In “A Moment of Explosion in the Trench I,” (2023–24), a helmeted Ukrainian soldier, his face partially obscured, leans forward, looking down intently at something. Above and around him is a splay of yellow and white streaks, jagged dark forms, and white and gray ones resembling debris. A related painting of the same scene, “A Moment of Explosion in the Trench II” (2023–24) radically differs. Diagonal brown streaks now occlude the soldier’s face; yellow flashes seem to burst around his head. 

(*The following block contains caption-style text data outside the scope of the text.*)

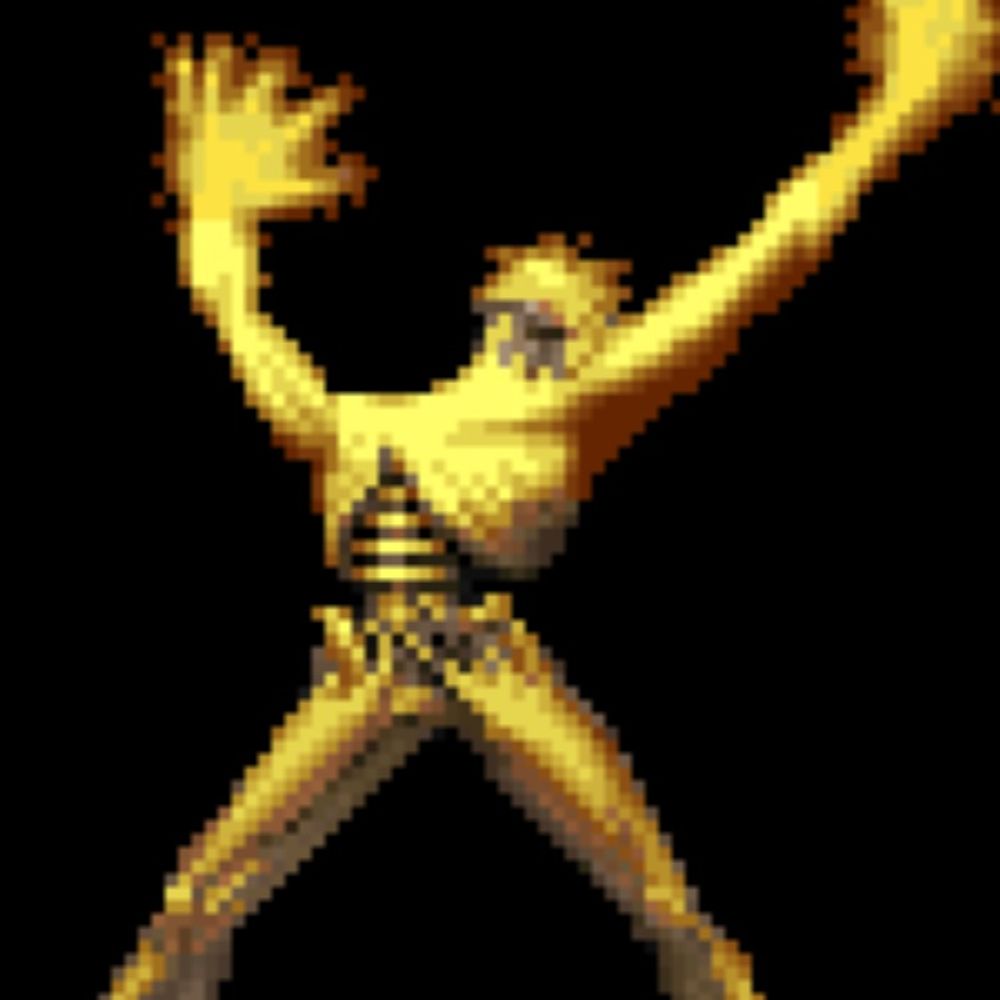 User avatar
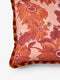 Linen Cushion (50cm) | Marigold Rose by Bonnie and Neil. Australian Art Prints, Fashion and Homewares. Green Door Decor. www.greendoordecor.com.au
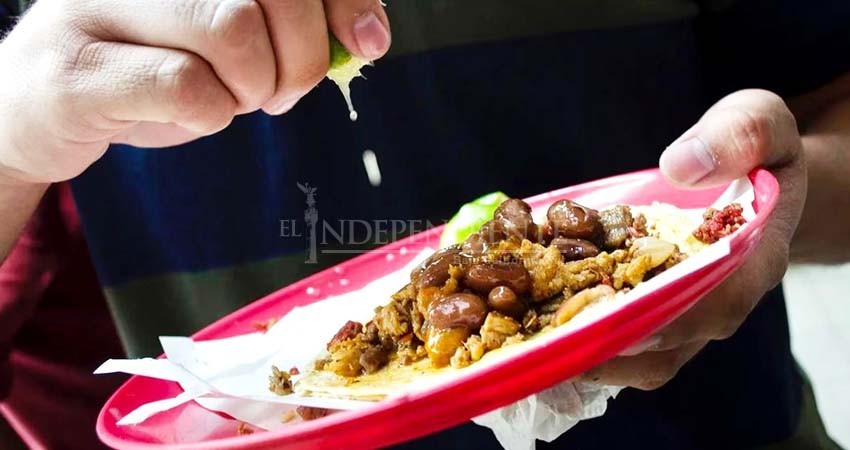 Por altas temperaturas, la Coepris intensificó operativos de vigilancia en venta de alimentos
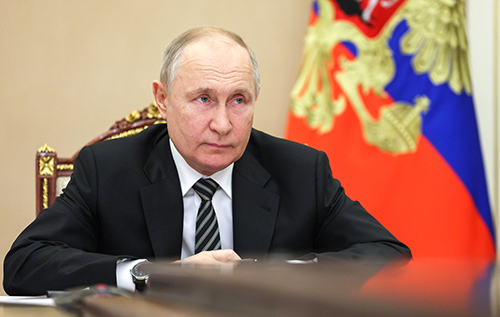 Загострення хитрощів: Портніков пояснив, навіщо Путін випрошує мир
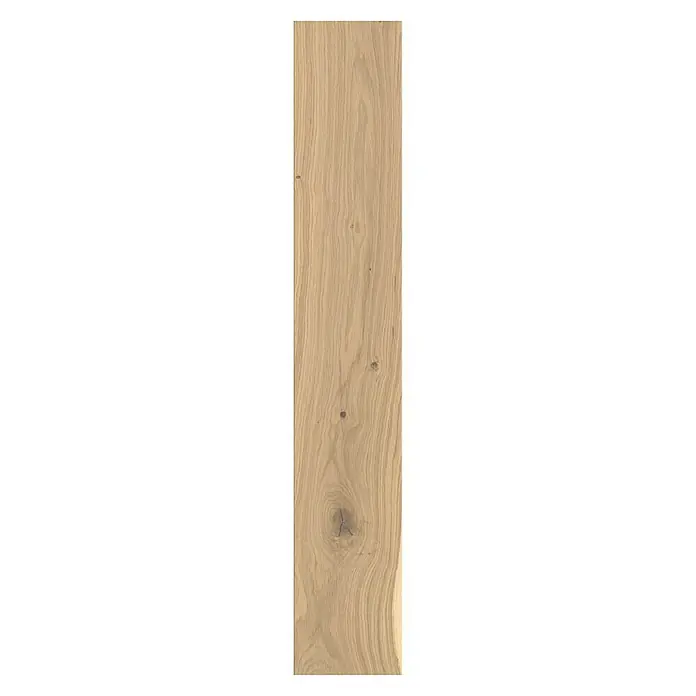 Living by Haro Gotovi parket Hrast Creme - 1.085 x 180 x 12 mm, Rustikalni pod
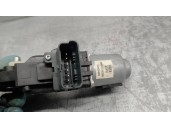 Recambio de motor elevalunas delantero izquierdo para renault megane iv berlina 5p 1.2 tce energy referencia OEM IAM 402776D 6 P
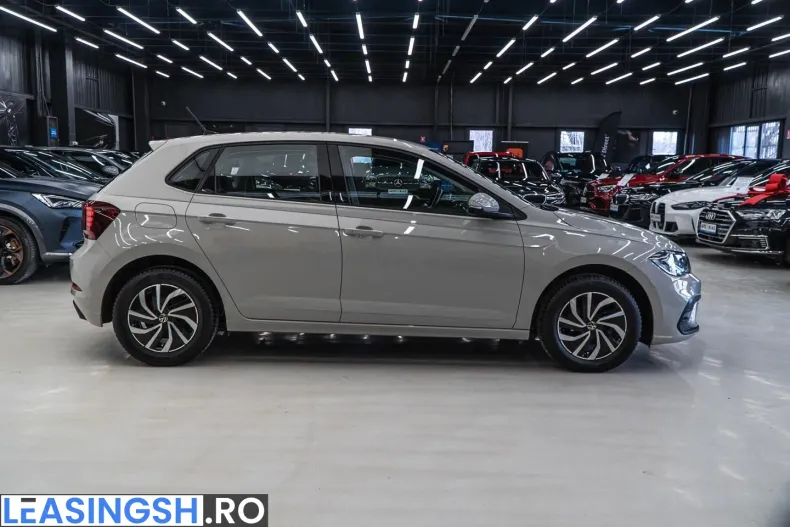Volkswagen Polo din 2023 cu 93.000 km - oferta VOL198225 - foto 19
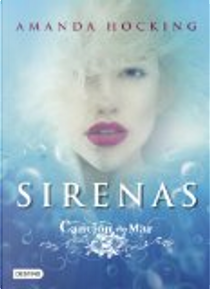 Sirenas by Amanda Hocking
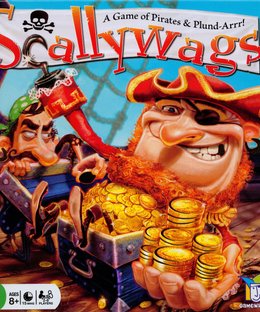 Scallywags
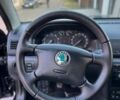 Черный Шкода Октавия, объемом двигателя 1.6 л и пробегом 189 тыс. км за 6200 $, фото 91 на Automoto.ua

The source for both is a renowned video of a Ukrainian drone operator at his laptop in a trench. A Russian artillery shell explodes just above him, rattling his covert and ripping the overheard tarp. He barely flinches, remaining ultra-focused on his mission. The soldier, explosion, shredded tarp, and trench gear become the partly abstract forms in the painting, which is imbued not just with this soldier’s but also the entire Ukrainian nation’s resistance and resolve. 

Lesia Khomenko: Through Waves and Portals continues at Voloshyn Gallery (802 NW 22nd Street, Miami) through March 30. The exhibition was organized by the gallery.